- The Market is pricing in higher margins beyond 2016 which will increase Coca Cola's cash flow and net income.
- Ongoing bottling divestitures will also help Coca Cola's bottom line going forward.
- Bearish commentary was centered around sparkling beverages declining in North America but this division actually grew last quarter.
If there was ever an opportunity for Coca Cola (NYSE:KO) to drop a good few handles, it is this year. You have the S&P 500 (INDEX:SPAL) down almost 6.2% year to date but Coca Cola stock stood firm and is actually up 1.9% over the same period. The reason why many would have suspected a drop was because Coca Cola's earnings multiple is a good seven points above its 5 year average (27 compared to 20) plus it is 9 points above the S&P PE ratio of 18.5.
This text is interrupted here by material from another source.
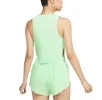 (WMNS) Nike AeroSwift Dri-FIT ADV Cropped Running Tank Asia Sizing 'Vapor Green' FN2714-376 sold by KicksCrew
The most significant aspect that came out of Coca Cola fourth quarter earnings was its 4% year over year organic sales growth which means the company is still growing meaningfully despite current dollar strength. Therefore, I wasn't surprised when Coke announced a 6% dividend increase recently which will make the new quarterly payment $0.35 a share. This is essentially why Coca Cola stock has been a huge income story over the last 50+ years. Since 2012, revenues are down almost $4 billion and net income is down almost $2 billion but the company still manages to churn out those dividend increases. Obviously, Coca Cola's present dividend growth rate can't continue as it is drastically outpacing earnings growth but 2015 may have been an inflection year for the company as we saw a slight hike in bottom line numbers on a rolling year basis.
If we look at analysts projections over the next few years, we can see that although EPS expectations are lower for 2016, we see a jump in expectations for 2017 (to $2.07). However, top line expectations for 2017 are only at $41.66 billion ($2.6 billion less than 2015). This means continued dollar strength has been priced into the top line despite expecting a growing bottom line. Coca Cola has plenty to gain from meaningful dollar weakness from here. The company derives around 50% of its top line from international markets where sales were down 7% in dollar terms despite reporting higher volumes. Therefore, the $41.66 billion top line figure for 2017 is pessimistic in my view especially when you consider poor economic data emerging from the US as of late.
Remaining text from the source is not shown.